Potato and Green Bean Salad is perfect to make ahead for any occasion, and travels well – just assemble it on the spinach leaves or other greens at the table, and give the veggies an extra toss before serving. It pairs well with fish or meat, but it’s also a filling dish on its own!
This version is vegan – but you can add a little feta cheese or freshly grated parmesan if you like.
Potato and Green Bean Salad
- 1 lb. tiny yellow potatoes, halved
- 1/2 lb. green beans, trimmed and cut into 2-3 inch pieces
- 1 1/2 cups cherry tomatoes
- Pitted Kalamata olives (about a cup)
- Champagne Vinaigrette
Add potatoes to a pot of boiling salted water. Boil for five minutes, then add the green beans and boil for an additional two minutes.

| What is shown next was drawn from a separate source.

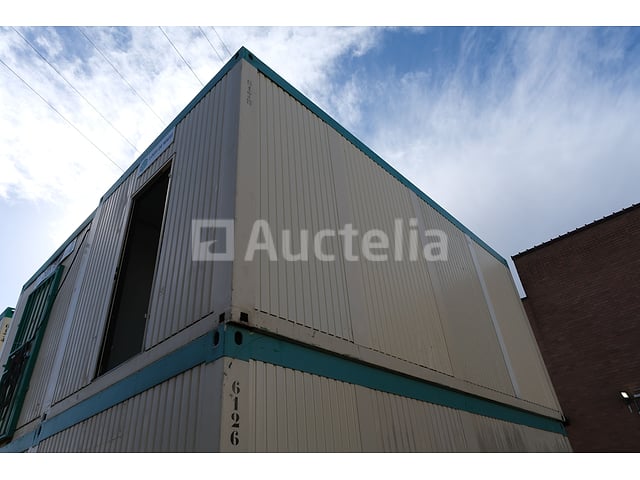 REF:6178 - Kantoorcontainer – foto 2 – kavel bij Auctelia, Machelen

Drain and rinse in cold water.
In a large bowl, gently combine the potatoes and green beans, tomatoes, and olives. Pat with paper towels or kitchen towel to remove any excess liquid. Sprinkle with salt and pepper and let sit for five minutes. Then add about 1/2 cup of vinaigrette, stirring gently until vegetables are coated (use more dressing if needed).
Refrigerate at least an hour or overnight.
To serve, give the vegetables a gentle toss and add a little more vinaigrette if dry. Serve over baby spinach or other greens.